How do you integrate #int1/((ax)^2-b^2)^(3/2)# by trigonometric substitution?

This can be written as:

#intdx/(a^2x^2-b^2)^(3/2)#

We will use the substitution #x=b/asectheta#. This also implies that #dx=b/asecthetatanthetad theta#. Substituting, this gives us:

#=int(b/asecthetatanthetad theta)/(a^2(b^2/a^2sec^2theta)-b^2)^(3/2)#

#=int(bsecthetatanthetad theta)/(a(b^2sec^2theta-b^2)^(3/2))#

#=int(bsecthetatanthetad theta)/(a(b^2)^(3/2)(sec^2theta-1)^(3/2))#

Since #1+tan^2theta=sec^2theta#, so #sec^2theta-1=tan^2theta#:

#=int(bsecthetatanthetad theta)/(ab^3(tan^2theta)^(3/2))#

#=int(secthetatanthetad theta)/(ab^2tan^3theta)#

#=1/(ab^2)int(secthetad theta)/tan^2theta#

#=1/(ab^2)int1/costheta(cos^2theta/sin^2theta)d theta#

#=1/(ab^2)intcostheta/sin^2thetad theta#

Let #u=sintheta# so #du=costhetad theta#. This gives us:

#=1/(ab^2)int(du)/u^2#

Integrating #u^-2# using the power rule for integration, which gives #u^-1/(-1)=-1/u#:

#=1/(ab^2)(-1/u)#

Since #u=sintheta#:

#=-1/(ab^2)csctheta#

Since #x=b/asectheta#, we see that #theta="arcsec"((ax)/b)#:

#=-1/(ab^2)csc("arcsec"((ax)/b))#

To find #csc("arcsec"((ax)/b))#, we want to find the cosecant of a triangle where the secant is #(ax)/b#.

Since secant is the reciprocal of cosine, we see that #ax# is the hypotenuse is #b# is the adjacent side.

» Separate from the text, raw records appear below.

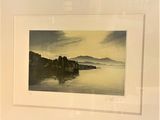 a picture of a picture of a lake with a mountain in the background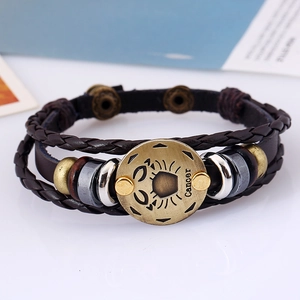 Macro detail of dark brown layered leather bracelet with bronze Cancer zodiac sign charm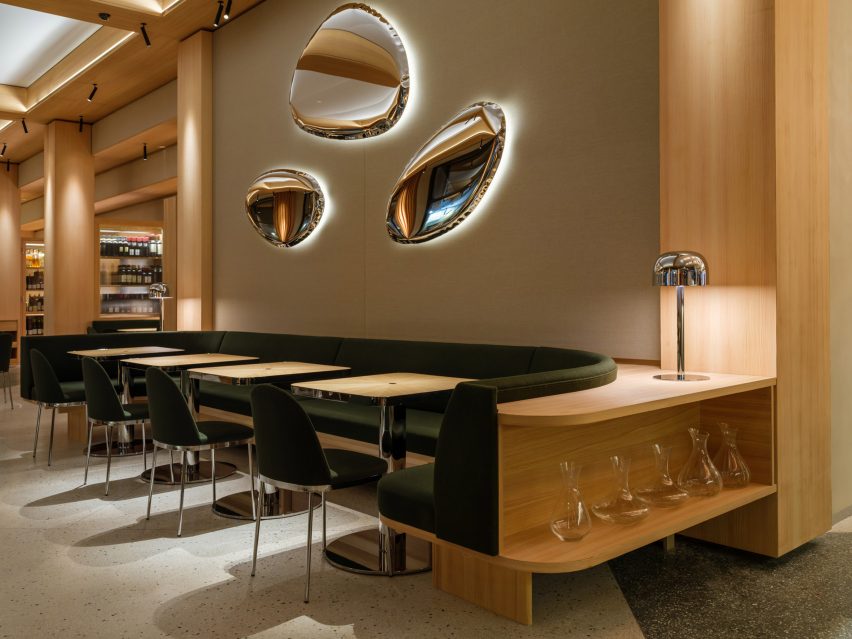 Restautant interior with green upholstered seating, wood tables and chrome wall lights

Through the Pythagorean theorem, we see that the opposite side is #sqrt(a^2x^2-b^2)#.

This gives us a cosecant, which as the reciprocal of sine is the hypotenuse over the opposite side, or #(ax)/sqrt(a^2x^2-b^2)#.

#=-1/(ab^2)((ax)/sqrt(a^2x^2-b^2))#

#=(-x)/(b^2sqrt(a^2x^2-b^2))+C#